WHAT YOU ARE ASKED TO DO: Below is a listing with pictures in it; transcribe exactly the lines from the one that has "Desktop Power Grommet" through the one that has "Avenida Walter Ananias, 1443-1479", and omit those pictures.

PROVIDED DATA:
Segment Open

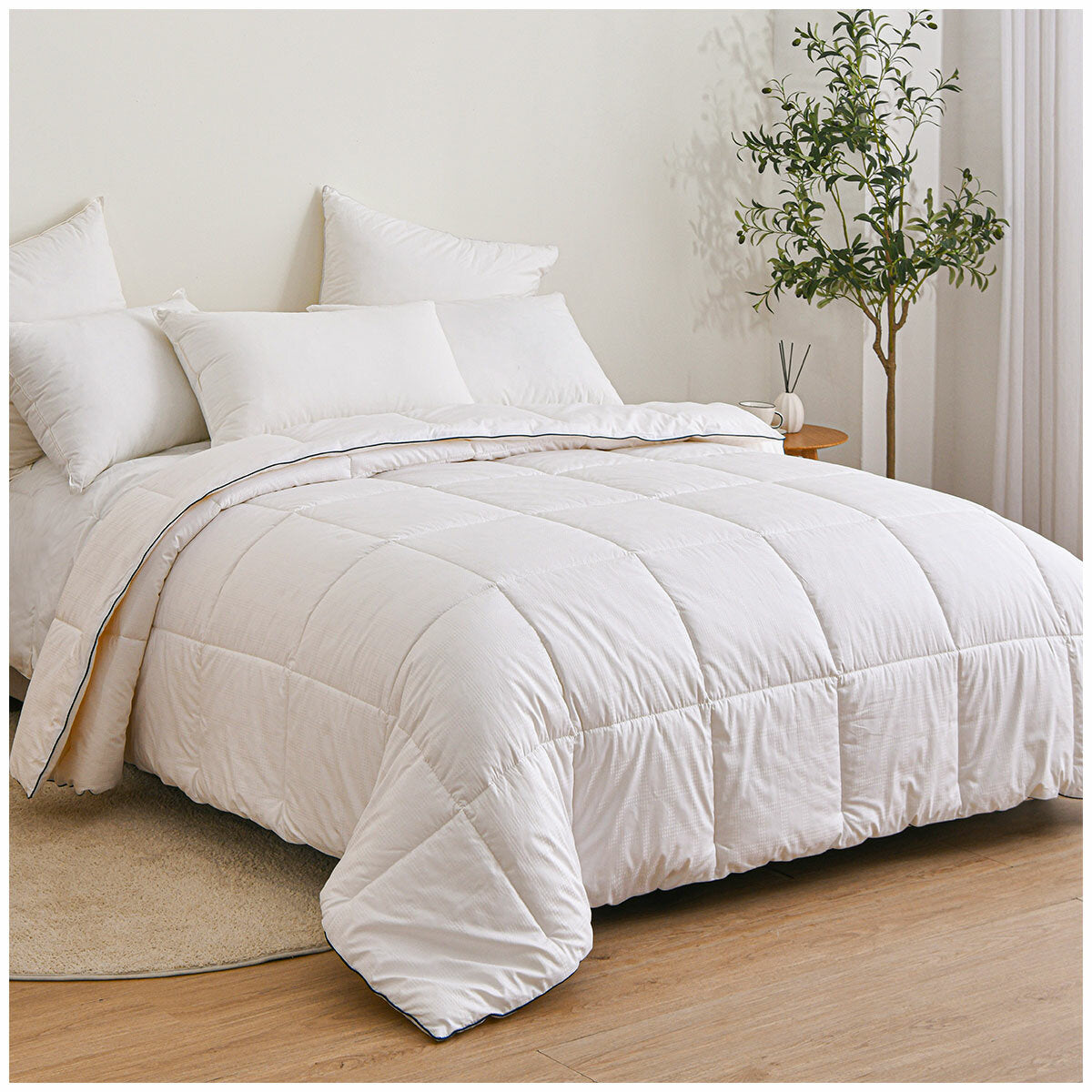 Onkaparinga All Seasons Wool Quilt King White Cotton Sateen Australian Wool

Segment Closed
Segment Open

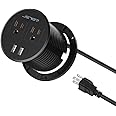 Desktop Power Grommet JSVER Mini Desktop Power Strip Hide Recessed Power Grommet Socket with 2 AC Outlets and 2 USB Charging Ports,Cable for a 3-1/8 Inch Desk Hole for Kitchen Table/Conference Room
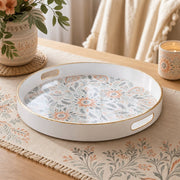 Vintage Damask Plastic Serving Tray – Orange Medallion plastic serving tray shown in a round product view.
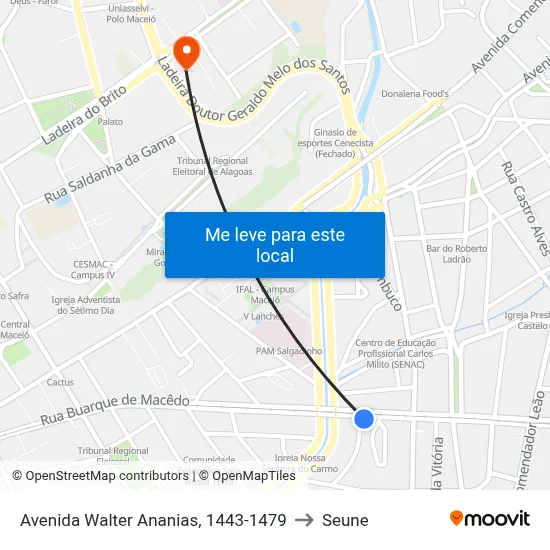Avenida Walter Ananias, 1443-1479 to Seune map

Segment Closed

WRITTEN SOLUTION:
 Desktop Power Grommet JSVER Mini Desktop Power Strip Hide Recessed Power Grommet Socket with 2 AC Outlets and 2 USB Charging Ports,Cable for a 3-1/8 Inch Desk Hole for Kitchen Table/Conference Room
 Vintage Damask Plastic Serving Tray – Orange Medallion plastic serving tray shown in a round product view.
Avenida Walter Ananias, 1443-1479 to Seune map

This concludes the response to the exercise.